7  Regression II

7.1 Concepts

The Regression Line

The regression line is fitted so that the average distance between the line and the sample points is as small as possible. The line is defined by a slope (\(\beta\)) and an intercept (\(\alpha\)). Mathematically, the regression line is expressed as \(\hat{y_i}=\hat{\alpha}+\hat{\beta}x_i\), where \(\hat{y_i}\) are the predicted values of \(y\) given the \(x\)’s.

  • The slope determines the steepness of the line. The estimate quantifies how much a unit increase in \(x\) changes \(y\). The estimate is given by \(\hat{\beta}= \frac {s_{xy}}{s_{x}^2}\).

  • The intercept determines where the line crosses the \(y\) axis. It returns the value of \(y\) when \(x\) is zero. The estimate is given by \(\hat{\alpha}=\bar{y}-\hat{\beta}\bar{x}\).

Goodness of Fit

There are a couple of popular measures that determine the goodness of fit of the regression line.

  • The coefficient of determination or \(R^2\) is the percent of the variation in \(y\) that is explained by changes in \(x\). The higher the \(R^2\) the better the explanatory power of the model. The \(R^2\) is always between [0,1]. To calculate use \(R^2=SSR/SST\).

    • \(SSR\) (Sum of Squares due to Regression) is the part of the variation in \(y\) explained by the model. Mathematically, \(SSR=\sum{(\hat{y_i}-\bar{y})^2}\).

    • \(SSE\) (Sum of Squares due to Error) is the part of the variation in \(y\) that is unexplained by the model. Mathematically, \(SSE=\sum{(y_i-\hat{y_i})^2}\).

    • SST (Sum of Squares Total) is the total variation of \(y\) with respect to the mean. Mathematically, \(SST=\sum{(y_i-\bar{y})^2}\).

    • Note that \(SST=SSR+SSE\).

  • The adjusted \(R^2\) recognizes that the \(R^2\) is a non-decreasing function of the number of explanatory variables in the model. This metric penalizes a model with more explanatory variables relative to a simpler model. It is calculated by \(1-(1-R^2) \frac {n-1}{n-k-1}\), where \(k\) is the number of explanatory variables used in the model and \(n\) is the sample size.

  • The Residual Standard Error estimates the average dispersion of the data points around the regression line. It is calculated by \(s_e =\sqrt{\frac{SSE}{n-k-1}}\).

Useful R Functions

The lm() function to estimates the linear regression model.
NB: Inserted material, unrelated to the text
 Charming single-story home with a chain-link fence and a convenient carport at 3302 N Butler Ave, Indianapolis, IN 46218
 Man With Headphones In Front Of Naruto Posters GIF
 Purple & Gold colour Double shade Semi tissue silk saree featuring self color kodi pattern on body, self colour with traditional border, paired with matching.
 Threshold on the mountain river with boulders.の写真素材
The predict() function uses the linear model object to predict values. New data is entered as a data frame.

The coef() function returns the model’s coefficients.

The summary() function returns the model’s coefficients, and goodness of fit measures.

7.2 Exercises

The following exercises will help you get practice on Regression Line estimation and interpretation. In particular, the exercises work on:

  • Estimating the slope and intercept.

  • Calculating measures of goodness of fit.
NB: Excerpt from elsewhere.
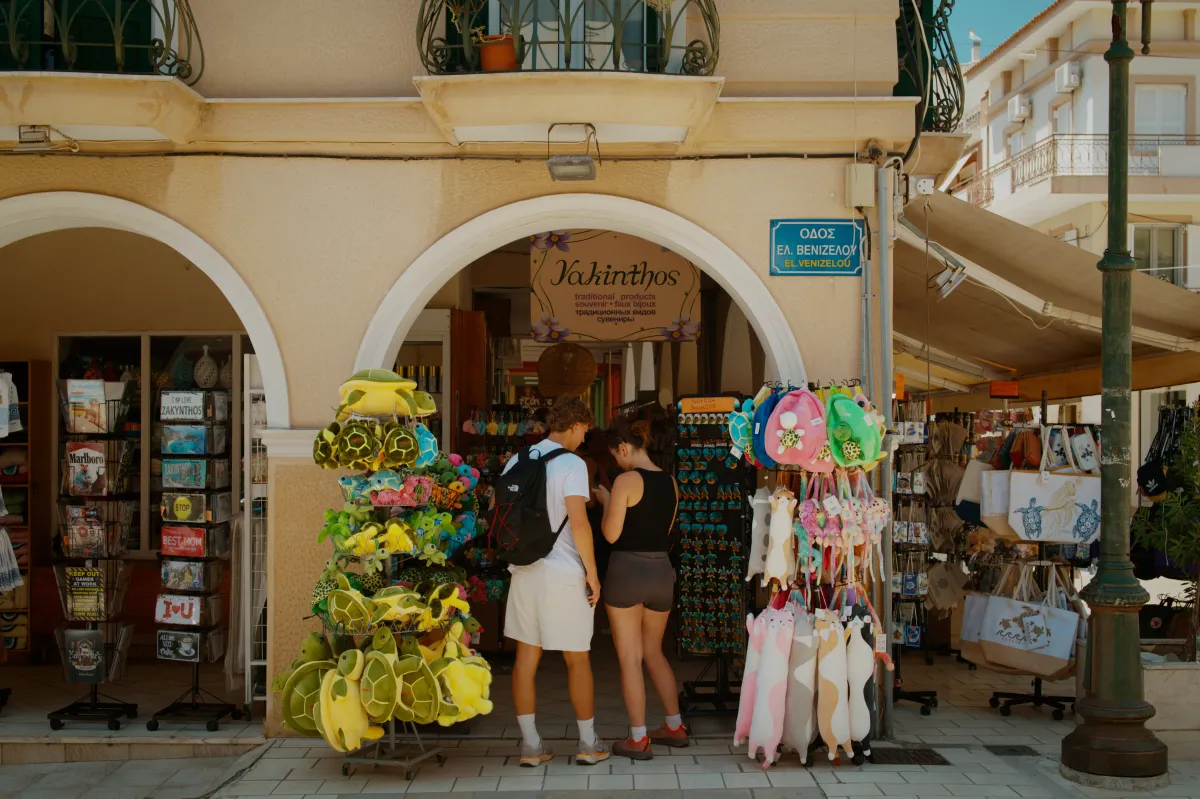 Two people looking at a souvenir shop under an archway, goods hung outside.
  • Prediction using the regression line.

Answers are provided below. Try not to peak until you have a formulated your own answer and double checked your work for any mistakes.

Exercise 1

For the following exercises, make your calculations by hand and verify results using R functions when possible.

  1. Consider the data below. Calculate the deviations from the mean for each variable and use the results to estimate the regression line. Use R to verify your result. On average by how much does y increase per unit increase of x?
x 20 21 15 18 25
y 17 19 12 13 22
  1. Calculate SST, SSR, and SSE. Confirm your results in R. What is the \(R^2\)? What is the Standard Error estimate? Is the regression line a good fit for the data?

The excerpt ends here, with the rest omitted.